The second aspect, which Duncan Orr-Ewing alluded to, was about ensuring that the Deer (Firearms etc) (Scotland) Order 1985 was amended to make non-lead varieties of ammunition more accessible, once we had ensured that there were no associated welfare issues. The proof will be in the pudding on the male deer close season. The detail that comes back on that will inform our understanding of the effect of that change.
We have removed barriers to effective control, and we have gone through a process to ensure that there are no associated welfare issues. On that basis, from a regulation and effective governance perspective, there was no reason to maintain the male deer close season.
Finally—this is hot off the press—the Government has said that it will not make changes to the female deer close season. What are your views on that in relation to the deer working group’s recommendations?
Going back to Donald Fraser’s point, we need more flexibility in the deer management system to allow effective culling. Everyone accepts that there is a welfare issue with the female deer season. The LINK deer group’s position is that any consideration of the female deer season should be based on hard evidence, using all the scientific data that is available and the advice of the Scottish Animal Welfare Commission as to when it is sensible to have female deer seasons without compromising deer welfare. The issue will probably come up again, because we think that the Government’s announcement has been made prematurely. A pertinent conversation needs to be had about that during the next steps for the proposed natural environment bill.
It is a really difficult issue. It is important to acknowledge that what we are asking some deer stalkers to do is potentially quite unpalatable—that is a nice way to put it. We need to be cognisant of their views and their feelings, as well as the potential implications for their mental health, so we welcome the minister’s announcement.

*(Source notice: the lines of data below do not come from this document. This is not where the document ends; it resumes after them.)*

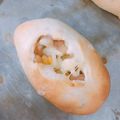 ティーマファソン's cooksnap of when they made ベーコンポテトパン.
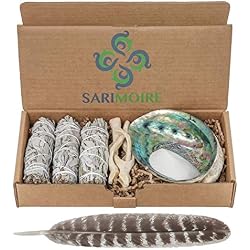 Bâtonnet de sauge blanche Sarimoire
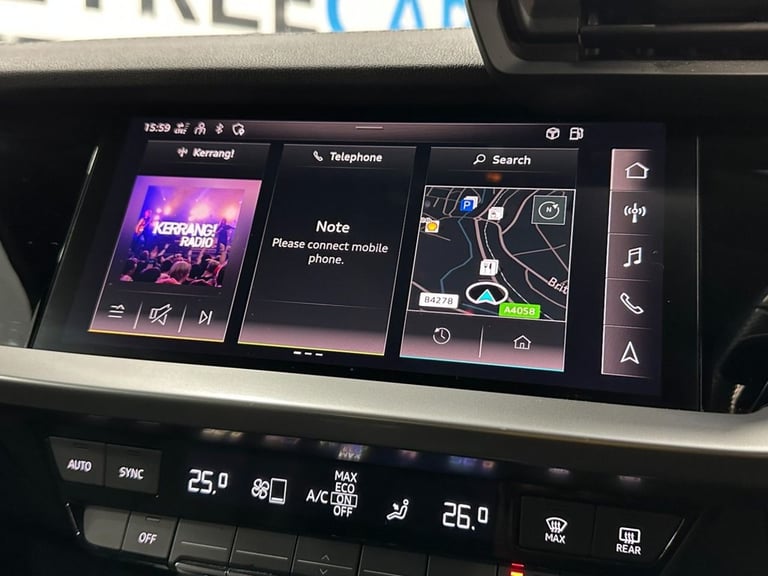 2021 Audi A3 1.0 TFSI 30 S line Saloon 4dr Petrol Manual Euro 6 (s/s) (110 ps) Saloon Petrol Manual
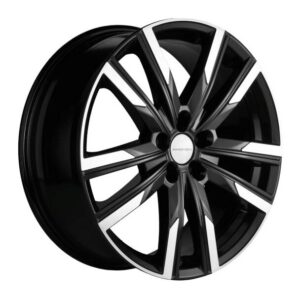 Khomen Wheels KHW1905 (Lexus NX) 7.5x19 5x114.3 ET35 D60.1 Black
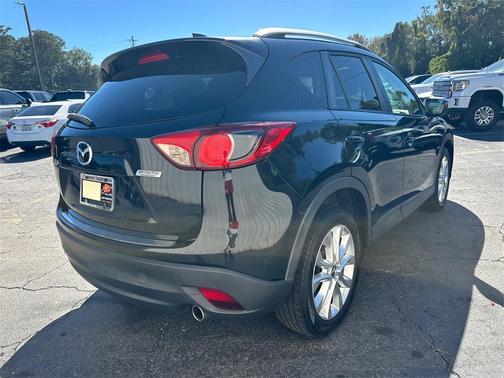 2015 Mazda CX-5 Grand Touring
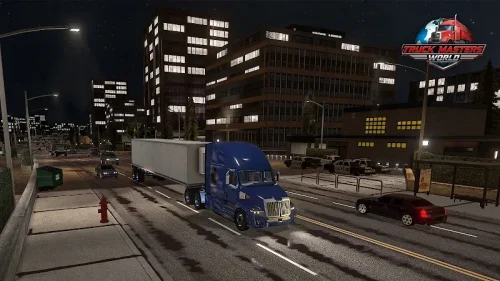Truck Masters: World Simulator screenshot 4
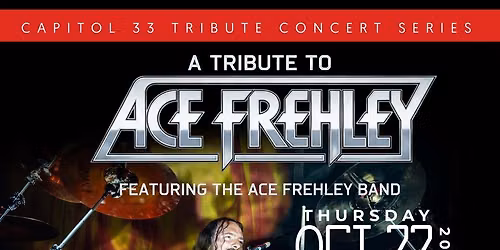 A Tribute to Ace Frehley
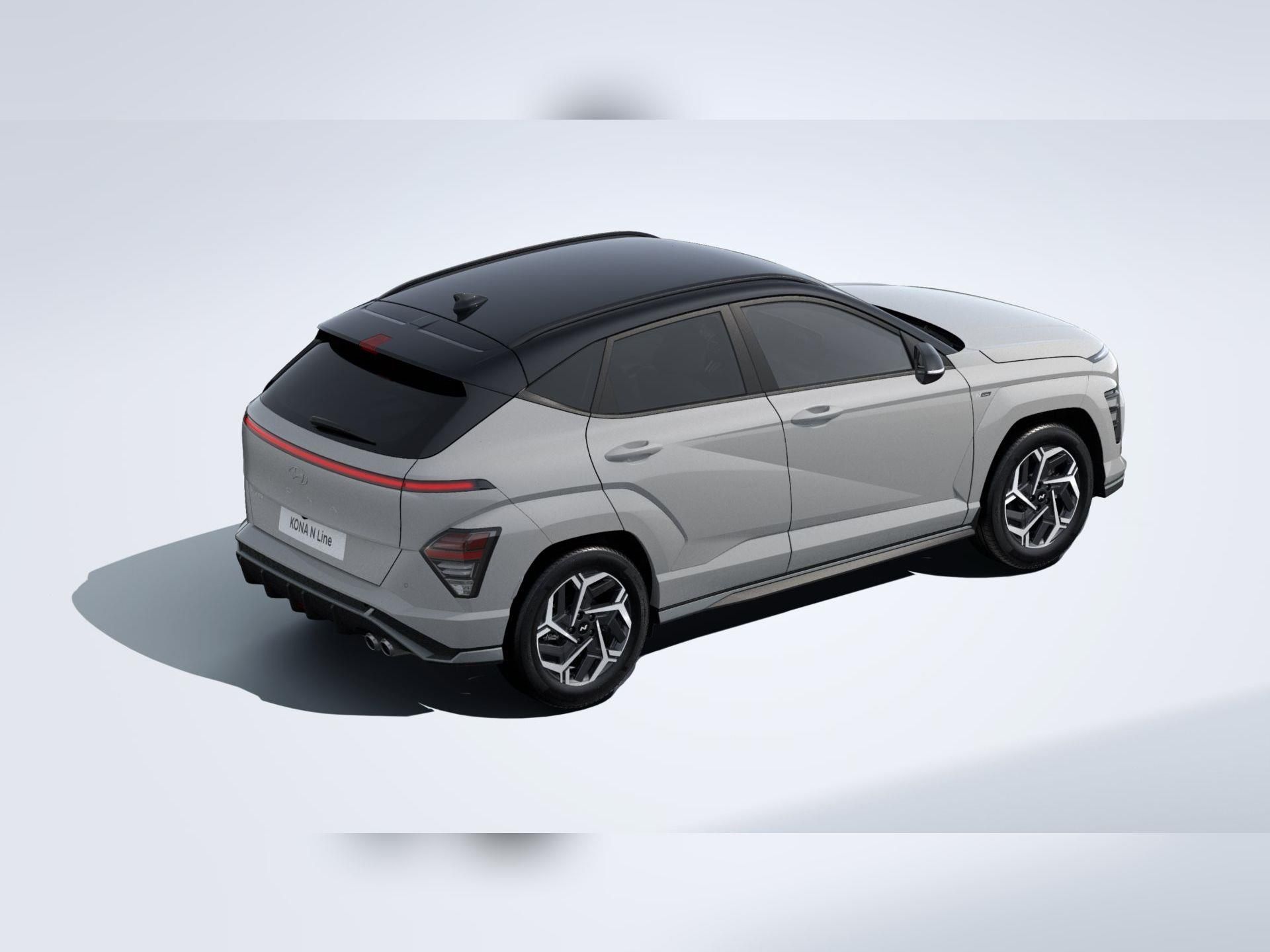 Hyundai Kona, 1.6 T-GDI / 110 kW N-Line - fotka 4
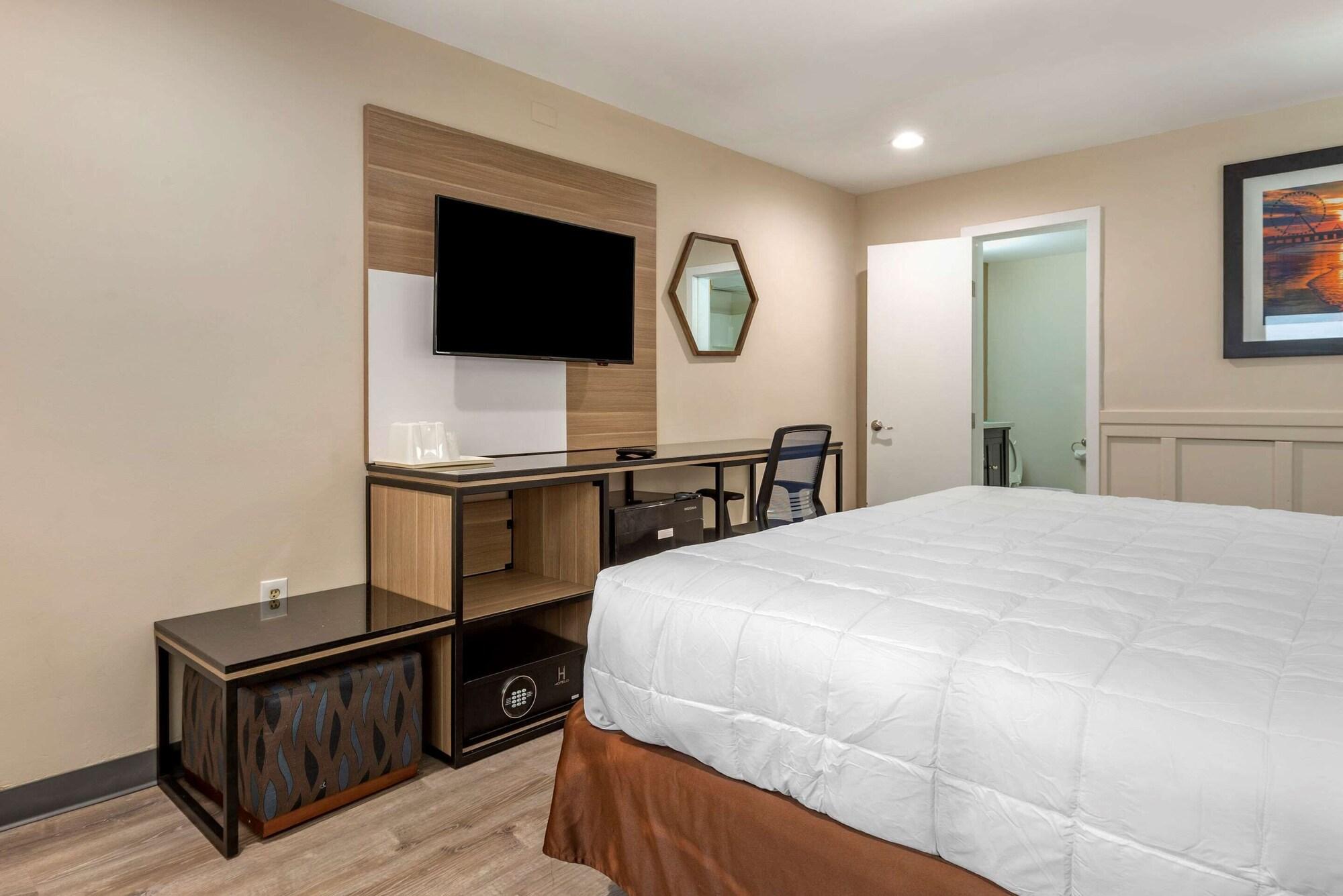 Premier Inn Atlantic City Exterior photo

For people who want the flexibility to manage female deer out of the close season and for circumstances in which that is required, there is still a mechanism that allows that to happen, with the authorisation of NatureScot—that flexibility has not gone away.
On balance, the minister has done the right thing. He has listened to concerns that were headed by my colleagues at the Scottish Gamekeepers Association, who pulled a blinder in highlighting the potential implications of the issue.
We should welcome the decision. It is an emotive subject and views are split among deer managers, whatever their background. You could put 10 deer managers in a room and you might get 10 different views on it. As Ross Ewing has alluded, it is possible to continue to shoot deer during restricted times of the year, with authorisation.
I agree with what has been said. Welfare comes first, and the individual stalker must be given room to make a judgment, as every situation is different. As Ross Ewing has said, the authorisation system is available. We are comfortable with that.
I agree with Duncan Orr-Ewing that the committee should revisit the issue for discussion. There is science and evidence on the welfare impact, and we have talked about the requirement to reduce deer numbers. If we are going to reduce them significantly, we need to reduce the female population.
I thank the witnesses for their contributions. They will be pleased to hear that there is no doubt that we will see them around the table again in the not-too-distant future. The session has set out some of the groundwork that the committee will have to cover before the proposed natural environment bill is introduced.
11:41 Meeting continued in private until 11:49.